WHAT YOU WILL DO -
Starting at the line that contains "Lele Sadoughi MLB" and ending at the line that contains "Mona Lisa, x-ray", the lines below are to be given again exactly, with nothing added.

EXTRACTED MATERIAL -
::::::::::

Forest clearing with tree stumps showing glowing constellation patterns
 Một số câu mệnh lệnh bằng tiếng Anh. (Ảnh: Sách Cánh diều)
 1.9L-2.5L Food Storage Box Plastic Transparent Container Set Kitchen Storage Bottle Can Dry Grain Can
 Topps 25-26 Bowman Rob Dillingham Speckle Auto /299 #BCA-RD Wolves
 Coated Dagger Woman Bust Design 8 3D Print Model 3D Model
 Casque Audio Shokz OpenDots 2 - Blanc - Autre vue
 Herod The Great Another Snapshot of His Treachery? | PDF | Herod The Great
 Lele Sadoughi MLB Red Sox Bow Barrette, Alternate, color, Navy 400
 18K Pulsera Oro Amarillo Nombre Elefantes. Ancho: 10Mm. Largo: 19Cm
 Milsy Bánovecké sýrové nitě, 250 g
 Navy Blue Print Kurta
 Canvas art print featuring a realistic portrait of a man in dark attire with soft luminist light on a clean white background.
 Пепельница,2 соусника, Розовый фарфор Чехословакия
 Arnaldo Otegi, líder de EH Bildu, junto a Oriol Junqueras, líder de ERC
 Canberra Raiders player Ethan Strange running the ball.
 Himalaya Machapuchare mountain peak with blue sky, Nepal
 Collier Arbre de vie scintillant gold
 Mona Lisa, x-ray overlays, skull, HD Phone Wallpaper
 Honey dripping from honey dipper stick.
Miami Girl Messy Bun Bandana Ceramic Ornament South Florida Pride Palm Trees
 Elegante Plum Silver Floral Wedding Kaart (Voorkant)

::::::::::

RESULT OF THE EXERCISE -
 Lele Sadoughi MLB Red Sox Bow Barrette, Alternate, color, Navy 400
 18K Pulsera Oro Amarillo Nombre Elefantes. Ancho: 10Mm. Largo: 19Cm
 Milsy Bánovecké sýrové nitě, 250 g
 Navy Blue Print Kurta
 Canvas art print featuring a realistic portrait of a man in dark attire with soft luminist light on a clean white background.
 Пепельница,2 соусника, Розовый фарфор Чехословакия
 Arnaldo Otegi, líder de EH Bildu, junto a Oriol Junqueras, líder de ERC
 Canberra Raiders player Ethan Strange running the ball.
 Himalaya Machapuchare mountain peak with blue sky, Nepal
 Collier Arbre de vie scintillant gold
 Mona Lisa, x-ray overlays, skull, HD Phone Wallpaper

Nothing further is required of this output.